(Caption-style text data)
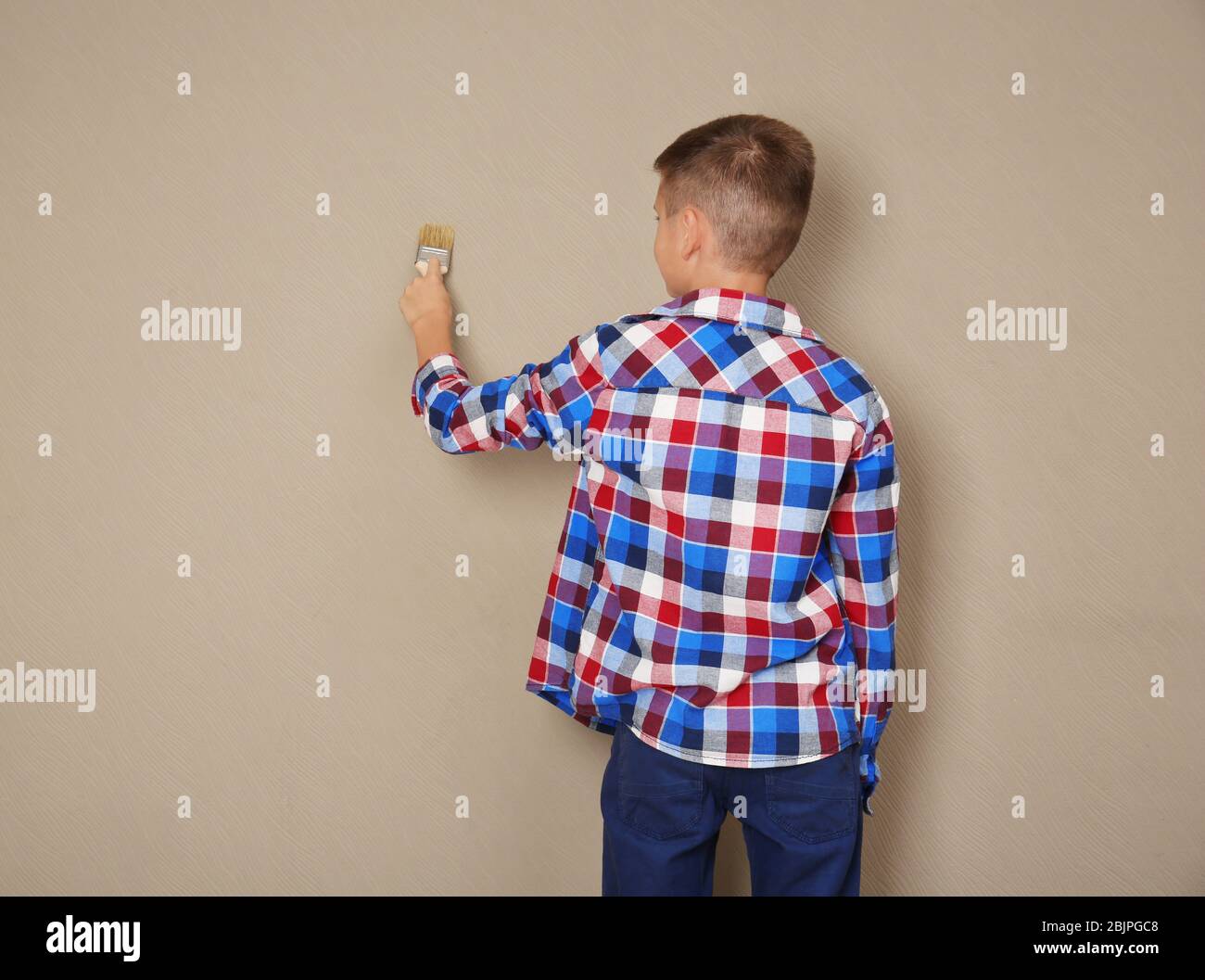 Cute little boy painting wall with brush Stock Photo Alamy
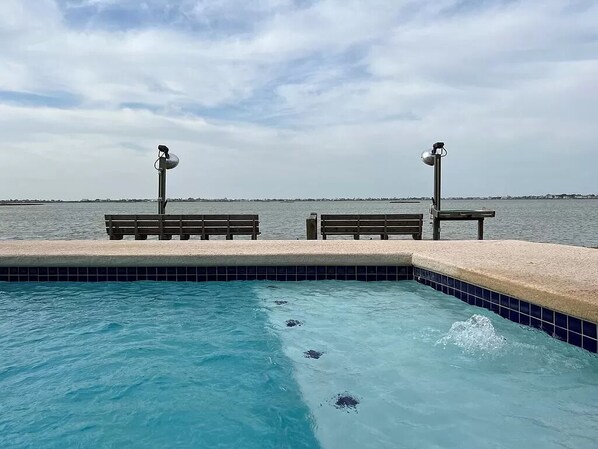 The view you will enjoy from the pool overlooking the deck & Salt Lake.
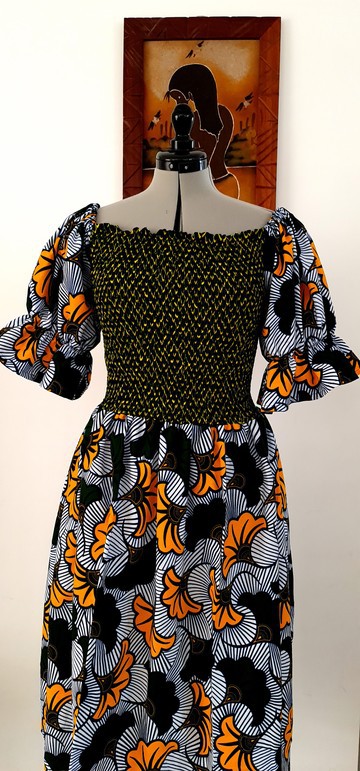 Mid-length off-the-shoulder dress.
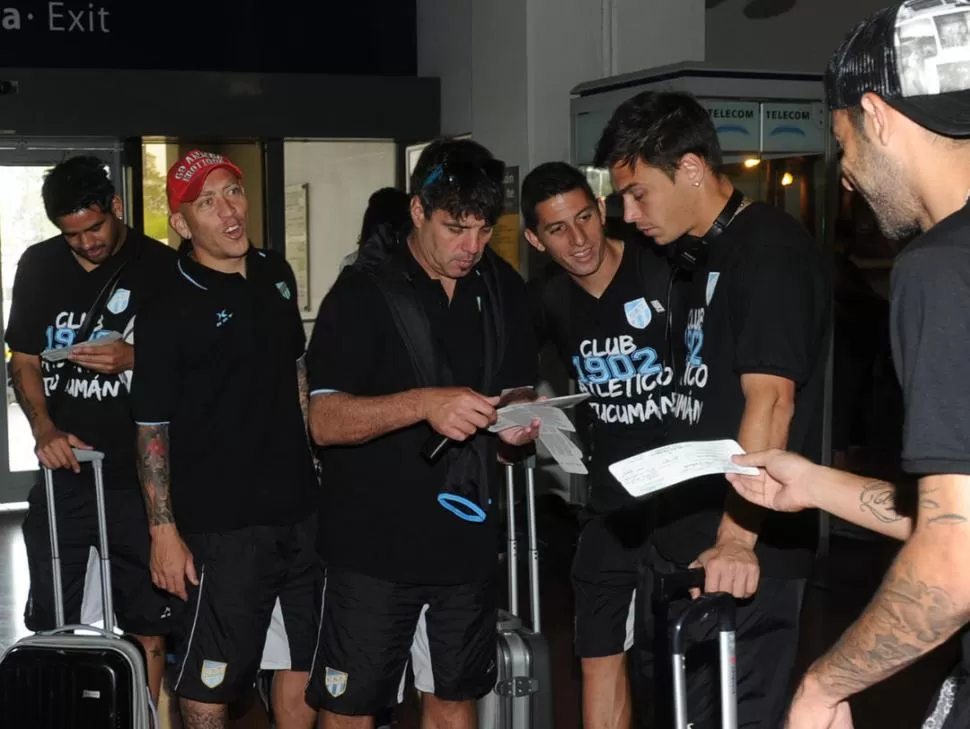 CHECK IN LISTO. El “Profe” Fernández reparte los pases a bordo en el aeropuerto Benjamín Matienzo a Garnier (gorra), García, Calviño y Grahl, minutos antes de subir al avión que los depositará en Buenos Aires 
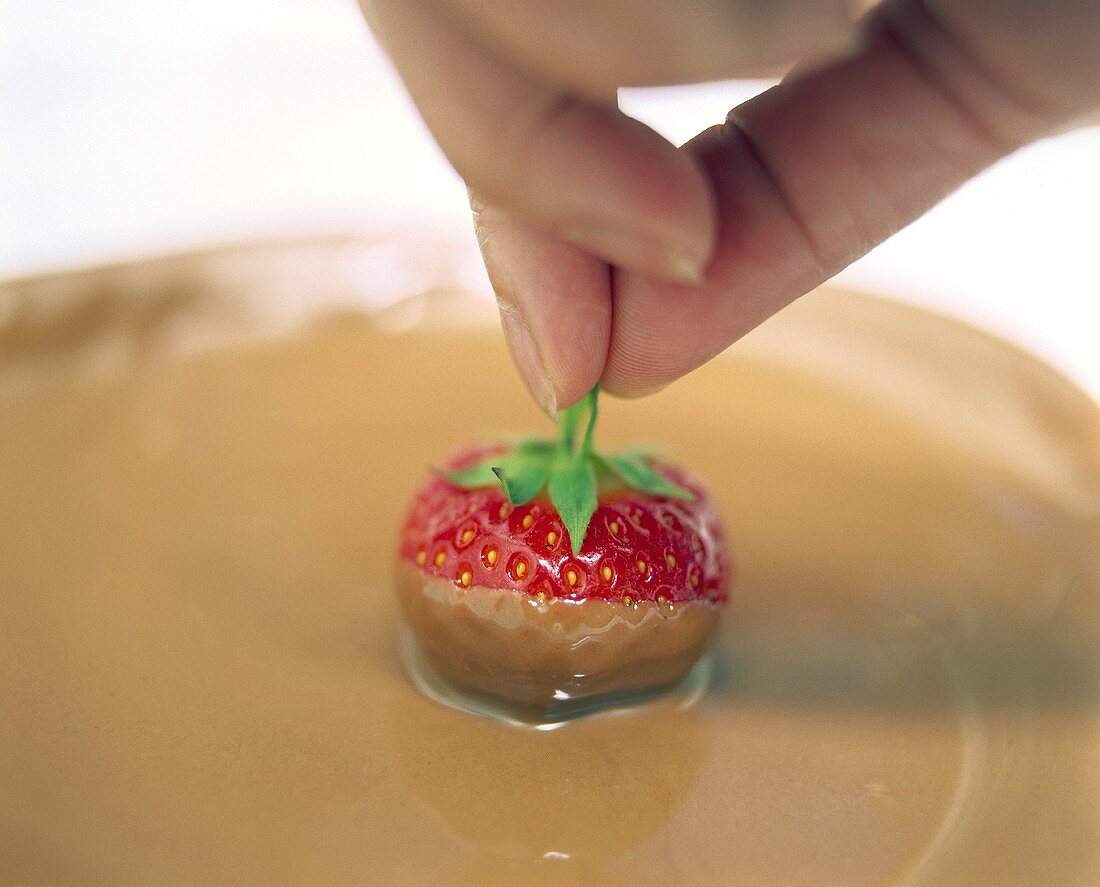 Dipping strawberries in melted chocolate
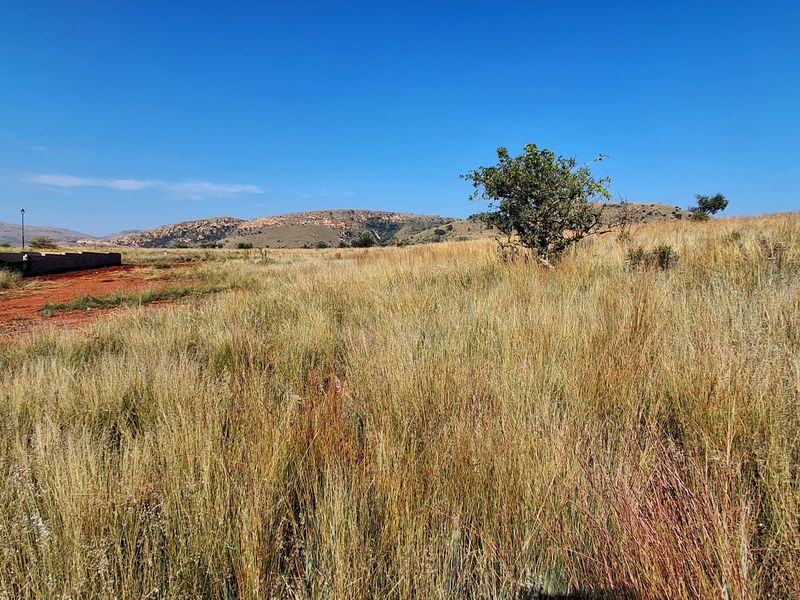 A wide-angle view of the vacant residential land featuring natural grassland and distant mountain scenery.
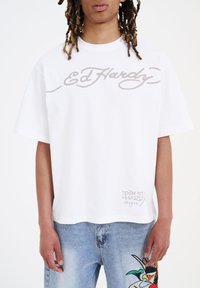 Hvid bomulds t-shirt med korte ærmer, der har "Ed Hardy" i lysegrå kursiv skrift og et lille logo ved kanten.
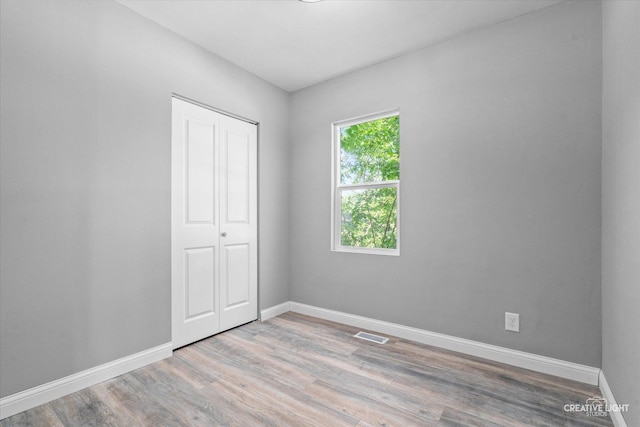 455 N River St, Montgomery, IL 60538 - unfurnished bedroom with wood finished floors and a closet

EXERCISE INSTRUCTIONS
Repeat, exactly and only, the lines from the one containing "CHECK IN LISTO." through the final line of the data, both ends included, leaving out any picture.

YOUR SOLUTION
 CHECK IN LISTO. El “Profe” Fernández reparte los pases a bordo en el aeropuerto Benjamín Matienzo a Garnier (gorra), García, Calviño y Grahl, minutos antes de subir al avión que los depositará en Buenos Aires 
 Dipping strawberries in melted chocolate
 A wide-angle view of the vacant residential land featuring natural grassland and distant mountain scenery.
 Hvid bomulds t-shirt med korte ærmer, der har "Ed Hardy" i lysegrå kursiv skrift og et lille logo ved kanten.
 455 N River St, Montgomery, IL 60538 - unfurnished bedroom with wood finished floors and a closet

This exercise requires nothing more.